- Boghall Location within West Lothian
- OS grid reference: NS994682
- Civil parish: Bathgate;
- Council area: West Lothian;
- Lieutenancy area: West Lothian;
- Country: Scotland
- Sovereign state: United Kingdom
- Post town: BATHGATE
- Postcode district: EH48
- Dialling code: 01506
- Police: Scotland
- Fire: Scottish
- Ambulance: Scottish
- UK Parliament: Bathgate and Linlithgow;
- Scottish Parliament: Linlithgow;

= Boghall =

Boghall is a Council Estate built in the early 1960s in West Lothian, Scotland just to the east of Bathgate.
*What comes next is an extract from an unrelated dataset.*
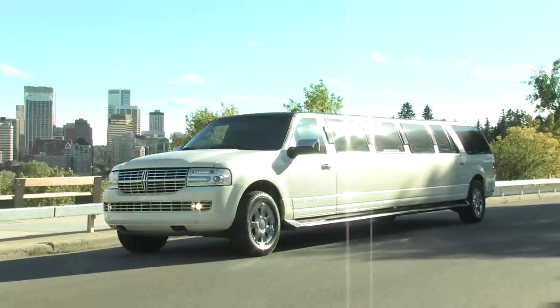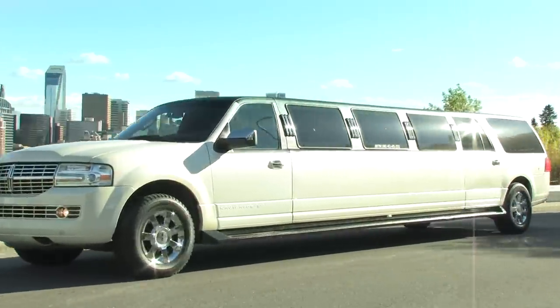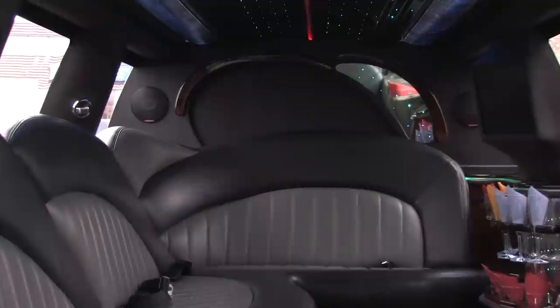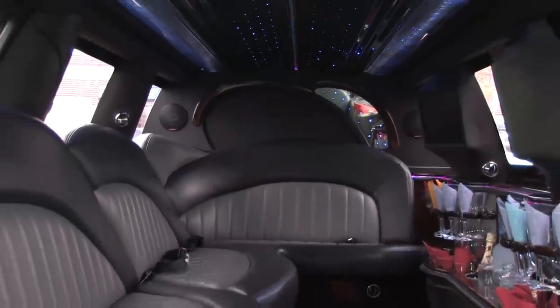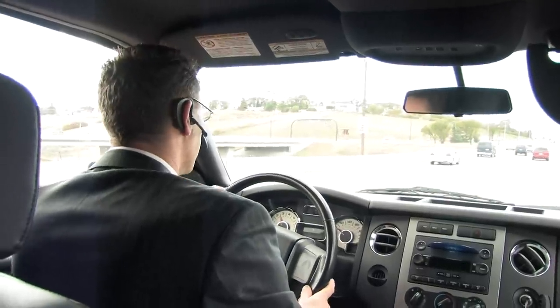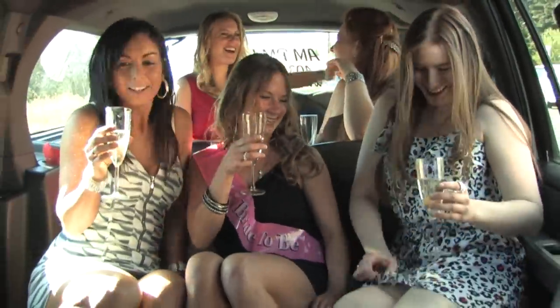The Lincoln Navigator is ideal for groups of 10 to 14 passengers. The white SUV style limousine comes fully equipped with disco lighting, two TVs, champagne flutes, an iPod connection, extra luggage space, and complimentary bottled water. And though it's great for any occasion, it's perfect for weddings and graduations.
Boghall has a range of amenities including a community centre, post office, 3 Corner Shops, a Scotmid supermarket, pharmacy, and a chip shop. Boghall is also home to Boghall Butchers which has won many awards for its pies and other foods. There are also 5 play parks around Boghall including Kirkton park, a community park with large green areas, a band stand, and a bowling/tennis club. Party in the park, a small local festival, is held here each year in September. In the middle of the estate is the Boghall Parish Church of Scotland, which offers weekly worship as well as various activities during the week in the Church hall. Boghall is found just on Puir Wives' Brae, which is part of the Bathgate Hills. Just outside of Boghall is the Pyramids business park along with a Toby Carvery, a Premier Inn hotel, and a petrol station, all of which local people consider to be in Boghall.

==Health and Education==
Education

Boghall is home to the primary schools St Columba RC Primary and Boghall Primary. The Secondary school Bathgate Academy is located to South West of Boghall.

Healthcare

Boghall contains a NHS wellbeing hub and the Dunamis Pharmacy, the nearest GP surgery is in Bathgate.